### GIVEN DATA ###

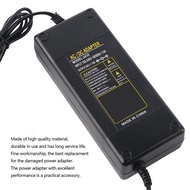 อะแดปเตอร์ไฟฟ้า ทนทาน ฝีมือดี 24V 10A Power Adapter สำหรับแหล่งจ่ายไฟ 100-240V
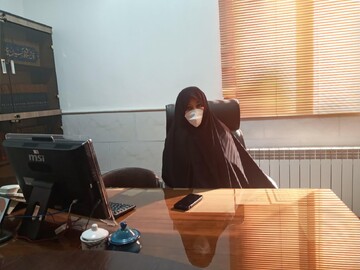 آزمون مقطع سطح سه و چهار سال ۹۹ سمنان برگزار شد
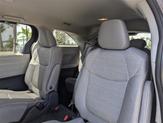 Thumbnail of 2021 Predawn Gray Mica Toyota Sienna
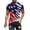 Multicolor # 4th of july shirts for men 4xl, variant on cllios Mens 1776 Independence Day Shirt 4th of July American Flag Graphic Tees Lightweight Short Sleeve Fitness Tops Gym Crewneck Muscle T-Shirts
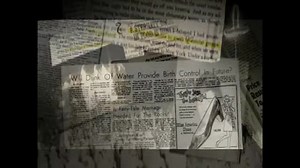 The secret plan of Black Genocide exposed in Maafa 21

###

■ **WHAT YOU SHOULD DO**: Where a line contains "Thumbnail of 2021", begin there and set down exactly each line through the end of the data above, omitting any pictures.

■ **RESPONSE TO THIS TASK**:
 Thumbnail of 2021 Predawn Gray Mica Toyota Sienna
 Multicolor # 4th of july shirts for men 4xl, variant on cllios Mens 1776 Independence Day Shirt 4th of July American Flag Graphic Tees Lightweight Short Sleeve Fitness Tops Gym Crewneck Muscle T-Shirts
 The secret plan of Black Genocide exposed in Maafa 21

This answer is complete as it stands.